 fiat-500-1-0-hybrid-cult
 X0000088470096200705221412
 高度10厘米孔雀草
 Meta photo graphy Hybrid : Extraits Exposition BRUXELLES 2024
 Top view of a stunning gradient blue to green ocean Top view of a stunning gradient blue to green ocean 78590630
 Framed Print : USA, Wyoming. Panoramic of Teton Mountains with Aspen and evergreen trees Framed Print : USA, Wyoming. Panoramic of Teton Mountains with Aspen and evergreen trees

--------

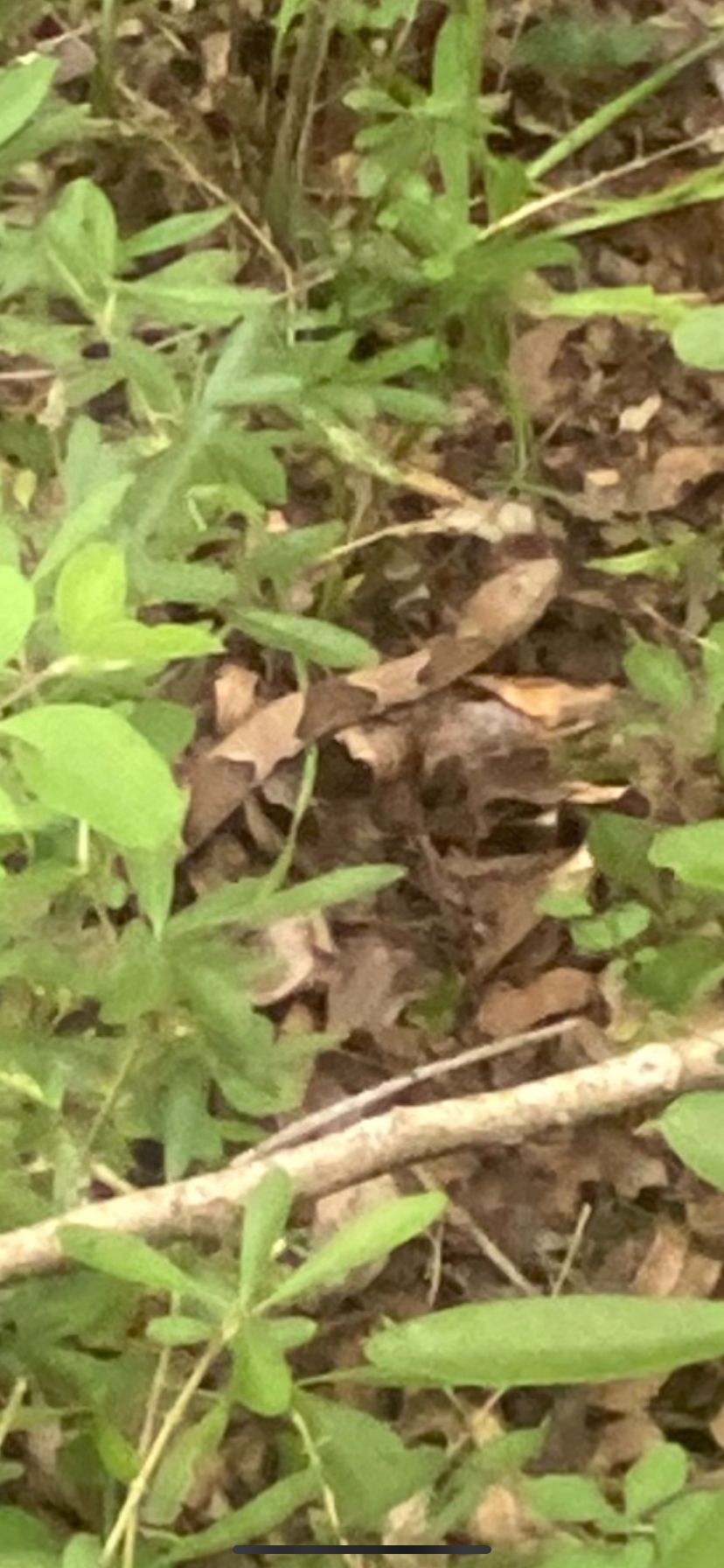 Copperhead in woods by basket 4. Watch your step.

--------

• **What is required**
For the lines above, output exactly those from the line containing "fiat-500-1-0-hybrid-cult" through the line containing "Top view of a stunning gradient blue to green ocean Top", and skip the others.

• **Response area**
 fiat-500-1-0-hybrid-cult
 X0000088470096200705221412
 高度10厘米孔雀草
 Meta photo graphy Hybrid : Extraits Exposition BRUXELLES 2024
 Top view of a stunning gradient blue to green ocean Top view of a stunning gradient blue to green ocean 78590630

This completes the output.